Wednesday, September 19, 2007

Fasting in a Country that's Protest-Proof


From USA Today:

No Child Left Behind is "wreaking havoc in our inner-city schools," alleges education author Jonathan Kozol, 71, who today begins the 75th day of a partial hunger strike to protest the law.

Congress passed the education reform law with bipartisan support in 2001, and lawmakers this month are preparing to reauthorize it. The law seeks to get all students reading and doing math at grade level by 2014, mandating annual math and reading tests for about half of all children and sanctioning schools that don't keep improving.

Kozol on Monday said the law effectively has dumbed down school for poor, urban kids, creating "a parallel curriculum that would be rejected out-of-hand" in the suburbs.


Apparantly Kozol believes that poor kids are being subjected to a rote, mechanical style of teaching that crushes creativity and any sense that learning can be fun.

It's sort of sweet to know that anybody is still willing to engage in '60s-style protest theatrics, but this particular case is more than strange. One, it's over No Child Left Behind, not a hill you'd think anyone would care to die on. (Is NCLB good or bad? Don't ask me, and my son just spent six years enduring it.) Two, Jonathan Kozol, that passionate champion of poor children, is undertaking a partial fast because doctors have warned him a full-blown one might damage his heart? Well, what's the point of a fast if not to positively beckon death to your door? Isn't your own imminent demise a necessary part of the equation?

Kozol has lost 29 pounds, and he can ill afford even that. I wish he hadn't lost a single one - not for this cause. But still, if you're going to go down in a blaze of glory, you might as well really go down.

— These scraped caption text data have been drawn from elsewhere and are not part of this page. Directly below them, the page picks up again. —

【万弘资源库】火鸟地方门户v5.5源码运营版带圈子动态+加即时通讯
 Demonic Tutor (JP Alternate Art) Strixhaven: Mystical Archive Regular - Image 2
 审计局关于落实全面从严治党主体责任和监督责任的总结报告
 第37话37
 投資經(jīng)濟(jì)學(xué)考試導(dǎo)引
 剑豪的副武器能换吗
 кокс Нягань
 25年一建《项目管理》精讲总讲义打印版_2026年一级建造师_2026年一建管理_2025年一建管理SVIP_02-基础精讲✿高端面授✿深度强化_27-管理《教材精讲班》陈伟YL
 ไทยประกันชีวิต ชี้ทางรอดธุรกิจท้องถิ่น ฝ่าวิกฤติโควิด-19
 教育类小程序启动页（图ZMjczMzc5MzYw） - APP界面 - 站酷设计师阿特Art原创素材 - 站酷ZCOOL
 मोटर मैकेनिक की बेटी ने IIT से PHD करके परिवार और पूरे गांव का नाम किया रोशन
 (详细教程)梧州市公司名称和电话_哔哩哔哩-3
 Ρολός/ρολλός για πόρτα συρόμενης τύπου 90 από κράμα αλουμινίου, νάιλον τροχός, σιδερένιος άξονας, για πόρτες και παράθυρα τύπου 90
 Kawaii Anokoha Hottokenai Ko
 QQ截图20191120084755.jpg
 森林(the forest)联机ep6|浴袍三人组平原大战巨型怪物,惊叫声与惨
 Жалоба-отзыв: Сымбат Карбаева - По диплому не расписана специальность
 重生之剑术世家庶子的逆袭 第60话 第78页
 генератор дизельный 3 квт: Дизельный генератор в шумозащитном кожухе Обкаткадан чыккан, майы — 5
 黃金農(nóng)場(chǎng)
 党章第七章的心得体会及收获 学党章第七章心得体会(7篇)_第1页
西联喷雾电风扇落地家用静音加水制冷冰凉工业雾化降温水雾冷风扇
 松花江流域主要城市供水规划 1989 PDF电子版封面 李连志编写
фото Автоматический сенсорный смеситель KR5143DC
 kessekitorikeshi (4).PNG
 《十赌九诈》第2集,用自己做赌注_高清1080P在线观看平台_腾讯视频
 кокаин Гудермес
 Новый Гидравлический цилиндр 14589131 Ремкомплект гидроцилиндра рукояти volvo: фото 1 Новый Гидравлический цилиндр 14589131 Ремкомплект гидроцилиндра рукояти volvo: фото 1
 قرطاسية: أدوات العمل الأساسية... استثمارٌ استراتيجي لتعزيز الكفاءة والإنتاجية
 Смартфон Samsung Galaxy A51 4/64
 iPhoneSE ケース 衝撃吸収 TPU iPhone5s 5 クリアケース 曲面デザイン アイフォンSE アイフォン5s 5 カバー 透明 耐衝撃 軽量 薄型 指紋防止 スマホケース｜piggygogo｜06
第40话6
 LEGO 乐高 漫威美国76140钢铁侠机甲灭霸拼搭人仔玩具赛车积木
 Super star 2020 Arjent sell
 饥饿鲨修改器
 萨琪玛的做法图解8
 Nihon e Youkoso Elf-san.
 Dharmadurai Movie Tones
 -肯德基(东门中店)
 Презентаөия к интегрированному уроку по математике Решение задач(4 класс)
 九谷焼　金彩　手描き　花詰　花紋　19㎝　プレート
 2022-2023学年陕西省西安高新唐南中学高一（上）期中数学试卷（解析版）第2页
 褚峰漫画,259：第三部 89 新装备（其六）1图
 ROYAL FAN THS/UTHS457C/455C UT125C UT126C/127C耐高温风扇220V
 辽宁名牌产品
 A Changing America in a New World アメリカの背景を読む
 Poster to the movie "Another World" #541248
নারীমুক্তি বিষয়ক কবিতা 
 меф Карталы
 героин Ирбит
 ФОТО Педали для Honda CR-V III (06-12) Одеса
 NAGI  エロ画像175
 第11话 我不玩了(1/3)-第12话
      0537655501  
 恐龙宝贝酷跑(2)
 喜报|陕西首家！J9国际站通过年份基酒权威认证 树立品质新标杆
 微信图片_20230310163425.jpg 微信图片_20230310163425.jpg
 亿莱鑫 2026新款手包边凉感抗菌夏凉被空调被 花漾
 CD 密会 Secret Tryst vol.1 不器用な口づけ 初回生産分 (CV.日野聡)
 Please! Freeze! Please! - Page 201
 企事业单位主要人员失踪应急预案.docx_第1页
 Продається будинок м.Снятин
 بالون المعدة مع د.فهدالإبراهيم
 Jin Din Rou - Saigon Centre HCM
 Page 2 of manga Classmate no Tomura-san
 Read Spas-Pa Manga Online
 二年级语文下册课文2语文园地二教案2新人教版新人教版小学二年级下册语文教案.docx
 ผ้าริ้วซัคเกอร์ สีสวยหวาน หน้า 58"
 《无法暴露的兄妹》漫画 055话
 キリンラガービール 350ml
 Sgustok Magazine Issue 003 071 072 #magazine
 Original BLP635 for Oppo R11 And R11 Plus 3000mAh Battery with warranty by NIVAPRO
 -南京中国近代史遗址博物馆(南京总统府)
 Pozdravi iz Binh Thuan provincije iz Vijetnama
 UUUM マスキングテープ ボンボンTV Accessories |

But more to the point: Jonathan, you're in the wrong country for this type of thing. Personal gestures of protest don't get Americans anywhere with their politicians; indeed, in many cases, it only strengthens their resolve. Case in point: our current president and his war. His aversion to Vietnam War-style demonstrations is so strong that a flotilla of burning monks would only stiffen his spine. Which is too bad, since the usual mechanisms of democracy don't seem to be getting us anywhere.

But perhaps that's another story.

Right now, here's my message: Eat, Jonathan, eat. No one cares.

2 comments:

Anonymous said...

I've never "gotten" symbolic acts of conscience and I don't think they're particularly effective. It seems to me that those in power implement change in response to one of two things - realization of personal benefit or acquiescence to a greater power.

MW said...

how about, becoming convinced that they were wrong?